Compendium theologicae veritatis

Penflourish initial Q at the beginning of Book V on the Virtues and Grace
MS Ff.1.12, f. 89r
Hugh Ripelin of Strasbourg, Compendium theologicae veritatis
France or England, ca 1300

Aside from the works of St Thomas Aquinas, the most extensively read Dominican work of theology was the Compendium theologicae veritatis which survives in hundreds of manuscripts. This is a simplified version of a theological Summa compared with the profundity of that of St Thomas and in some ways resembles an advanced catechism text. Its author was Hugh Ripelin of Strasbourg, prior of the Dominican convent at Strasbourg from 1261 to 1268, who probably studied at the university of Paris in the second quarter of the century after entering the order at their convent in Zurich.

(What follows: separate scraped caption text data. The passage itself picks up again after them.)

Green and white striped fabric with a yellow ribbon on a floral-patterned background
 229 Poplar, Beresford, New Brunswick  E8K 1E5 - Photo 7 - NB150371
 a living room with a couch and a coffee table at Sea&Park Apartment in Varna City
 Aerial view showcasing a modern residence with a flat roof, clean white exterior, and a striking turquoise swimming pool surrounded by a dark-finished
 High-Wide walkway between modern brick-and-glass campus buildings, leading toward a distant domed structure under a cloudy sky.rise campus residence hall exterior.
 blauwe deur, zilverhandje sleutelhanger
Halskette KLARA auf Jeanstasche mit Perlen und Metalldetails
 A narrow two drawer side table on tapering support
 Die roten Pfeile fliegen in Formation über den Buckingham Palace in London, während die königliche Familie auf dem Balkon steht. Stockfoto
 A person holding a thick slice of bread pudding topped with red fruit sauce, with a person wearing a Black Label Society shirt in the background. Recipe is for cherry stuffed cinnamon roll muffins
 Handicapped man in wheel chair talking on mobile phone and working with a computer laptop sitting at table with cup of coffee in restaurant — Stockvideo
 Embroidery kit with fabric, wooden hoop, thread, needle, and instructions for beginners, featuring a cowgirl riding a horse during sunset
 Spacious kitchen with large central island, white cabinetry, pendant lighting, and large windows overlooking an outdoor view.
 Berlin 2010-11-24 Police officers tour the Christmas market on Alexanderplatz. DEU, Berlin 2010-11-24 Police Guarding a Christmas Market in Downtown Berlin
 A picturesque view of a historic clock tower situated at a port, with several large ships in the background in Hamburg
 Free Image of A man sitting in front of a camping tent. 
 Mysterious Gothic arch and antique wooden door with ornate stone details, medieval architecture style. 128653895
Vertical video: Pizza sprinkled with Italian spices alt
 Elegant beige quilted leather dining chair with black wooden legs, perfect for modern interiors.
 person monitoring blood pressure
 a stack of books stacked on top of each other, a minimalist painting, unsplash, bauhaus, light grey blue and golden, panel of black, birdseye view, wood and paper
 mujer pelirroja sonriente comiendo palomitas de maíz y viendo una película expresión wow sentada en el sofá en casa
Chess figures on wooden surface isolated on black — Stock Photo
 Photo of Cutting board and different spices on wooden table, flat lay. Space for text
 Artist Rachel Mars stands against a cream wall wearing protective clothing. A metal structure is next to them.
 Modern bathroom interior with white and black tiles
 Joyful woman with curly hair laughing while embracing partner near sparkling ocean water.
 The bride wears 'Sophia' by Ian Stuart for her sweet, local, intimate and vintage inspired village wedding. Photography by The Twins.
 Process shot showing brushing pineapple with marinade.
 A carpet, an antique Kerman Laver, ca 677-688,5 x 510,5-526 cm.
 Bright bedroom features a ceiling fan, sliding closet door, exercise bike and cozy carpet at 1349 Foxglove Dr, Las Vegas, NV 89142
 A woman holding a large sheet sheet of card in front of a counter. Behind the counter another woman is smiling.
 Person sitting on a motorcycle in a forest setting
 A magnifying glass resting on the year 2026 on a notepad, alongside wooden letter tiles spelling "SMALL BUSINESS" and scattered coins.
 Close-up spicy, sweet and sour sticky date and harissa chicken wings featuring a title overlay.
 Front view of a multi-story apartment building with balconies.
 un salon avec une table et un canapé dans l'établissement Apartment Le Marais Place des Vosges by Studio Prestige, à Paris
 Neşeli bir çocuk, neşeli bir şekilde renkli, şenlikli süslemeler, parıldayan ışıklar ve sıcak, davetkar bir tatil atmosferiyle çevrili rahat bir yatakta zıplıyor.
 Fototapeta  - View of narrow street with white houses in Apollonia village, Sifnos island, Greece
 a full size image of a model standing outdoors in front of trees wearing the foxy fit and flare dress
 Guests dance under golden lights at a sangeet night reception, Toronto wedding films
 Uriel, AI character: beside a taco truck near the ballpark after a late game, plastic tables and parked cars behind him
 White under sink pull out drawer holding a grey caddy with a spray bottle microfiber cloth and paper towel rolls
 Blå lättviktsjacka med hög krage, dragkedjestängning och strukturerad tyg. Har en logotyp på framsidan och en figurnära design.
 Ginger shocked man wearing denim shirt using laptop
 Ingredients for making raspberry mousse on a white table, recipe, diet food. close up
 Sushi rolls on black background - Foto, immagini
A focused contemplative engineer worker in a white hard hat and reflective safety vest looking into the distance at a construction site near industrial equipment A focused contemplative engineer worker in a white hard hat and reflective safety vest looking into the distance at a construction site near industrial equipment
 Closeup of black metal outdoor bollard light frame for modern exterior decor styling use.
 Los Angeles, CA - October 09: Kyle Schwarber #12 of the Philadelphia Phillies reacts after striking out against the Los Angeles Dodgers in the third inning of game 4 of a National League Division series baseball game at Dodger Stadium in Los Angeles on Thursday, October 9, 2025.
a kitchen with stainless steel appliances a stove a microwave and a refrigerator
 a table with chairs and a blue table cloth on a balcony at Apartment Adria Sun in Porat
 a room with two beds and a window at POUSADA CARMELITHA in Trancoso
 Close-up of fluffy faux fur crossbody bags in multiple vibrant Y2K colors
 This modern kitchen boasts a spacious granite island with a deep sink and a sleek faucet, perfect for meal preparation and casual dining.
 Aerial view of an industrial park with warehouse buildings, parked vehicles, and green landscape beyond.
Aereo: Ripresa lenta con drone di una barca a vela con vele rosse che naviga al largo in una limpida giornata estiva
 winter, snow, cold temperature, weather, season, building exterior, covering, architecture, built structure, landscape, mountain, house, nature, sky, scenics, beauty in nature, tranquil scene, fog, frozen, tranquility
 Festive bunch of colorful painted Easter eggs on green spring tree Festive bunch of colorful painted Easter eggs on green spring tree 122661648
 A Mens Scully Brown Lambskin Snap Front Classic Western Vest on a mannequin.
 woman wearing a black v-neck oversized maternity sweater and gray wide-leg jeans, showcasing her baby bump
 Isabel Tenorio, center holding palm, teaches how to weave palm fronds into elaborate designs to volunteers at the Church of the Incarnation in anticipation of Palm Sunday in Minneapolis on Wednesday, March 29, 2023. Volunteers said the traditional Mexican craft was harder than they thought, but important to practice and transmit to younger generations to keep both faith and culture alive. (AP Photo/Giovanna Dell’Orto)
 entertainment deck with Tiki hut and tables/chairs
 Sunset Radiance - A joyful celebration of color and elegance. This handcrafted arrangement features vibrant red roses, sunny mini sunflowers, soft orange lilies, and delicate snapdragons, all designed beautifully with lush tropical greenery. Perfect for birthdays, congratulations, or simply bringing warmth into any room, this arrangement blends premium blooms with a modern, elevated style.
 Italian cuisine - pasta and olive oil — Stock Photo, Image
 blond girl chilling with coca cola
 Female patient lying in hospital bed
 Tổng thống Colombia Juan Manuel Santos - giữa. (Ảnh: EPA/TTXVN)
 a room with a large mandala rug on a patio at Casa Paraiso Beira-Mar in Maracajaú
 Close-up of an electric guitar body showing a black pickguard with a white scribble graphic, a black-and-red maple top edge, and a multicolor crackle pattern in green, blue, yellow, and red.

The text is divided in to seven books: I The Nature of God; II The Creation; III On Sin; IV The Incarnation; V On Grace, the Virtues, the Beatitudes and the Ten Commandments; VI The Sacraments; VII The Last Things. The Compendium was translated into French in the fifteenth century and this is an indication that its level of theological writing was appropriate for reading by the laity. The French translator ascribes the Latin text to Albertus Magnus and this misattribution continued even into the twentieth century. This probably led to claims that Hugh Ripelin studied under Albertus Magnus but there is no evidence that was the case.